FRB CHAIR POWELL DASHED THE PREVAILING VIEW OF A PIVOT IN EARLY 2023

FRB Chair Powell was reiterating prior Fed remarks that a usually large hike could be appropriate next month but then he commented that interest rates “will remain elevated for a period of time,” crushing the belief that the Fed may pivot in early 2023.

Many will agree a reason for the advance from June’s lows was under the belief the Fed is almost finished in this tightening cycle and a change in monetary policy would come in several months.

The FOMC is fighting to regain its integrity of an inflation fighter, perhaps risking of overshooting to regain the high ground.

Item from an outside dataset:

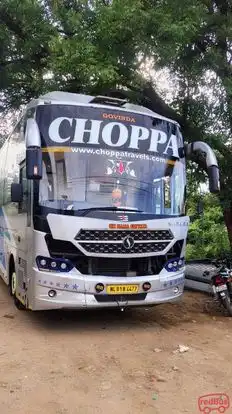 CHOPPA TRAVELS  Bus-Front Image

As noted many times, the Central Bank is fighting supply side issues using demand side techniques.  The problems are entirely different with a different set of responses.  Unfortunately, monetary policy can only impact supply side issues so much unless all are willing to accept great pain.

There was no mention of fiscal policy or QT.  In speeches past the Chairman has commented about the unsustainability of current debt levels.

Has there been a change in market psychology?  Perhaps the only certainty to write that each data point will be greatly scrutinized to determine whether pricing pressures are abating.

Speaking of which, this week’s economic calendar is comprised of several top tier indicators including the ISM Manufacturing Index, durable goods orders and several employment statistics including the BLS Employment report on Friday.

Commenting about Friday’s market activity, led by the 4% decline in the NASDAQ, equites fell by the greatest amount since mid-June on FRB Chair Powell’s short and clear message that rates will stay high for some time.  The major averages are now on the brink of violating their 100 day moving averages.  Treasury prices also declined.

Last night the foreign markets were down. London was down 0.70%, Paris down 1.74% and Frankfurt down 1.36%.  China was up 0.14%, Japan down 2.66% and Hang Seng down 0.73%.

Dow and NASDQ futures are off 0.80% and 1.30%, respectively on monetary policy concerns.  Many are now starting to ask about the potential elephant in room…quantitative tightening (QT) which is about to commence in earnest in several days.   The 10-year is off 17/32 to yield 3.11%.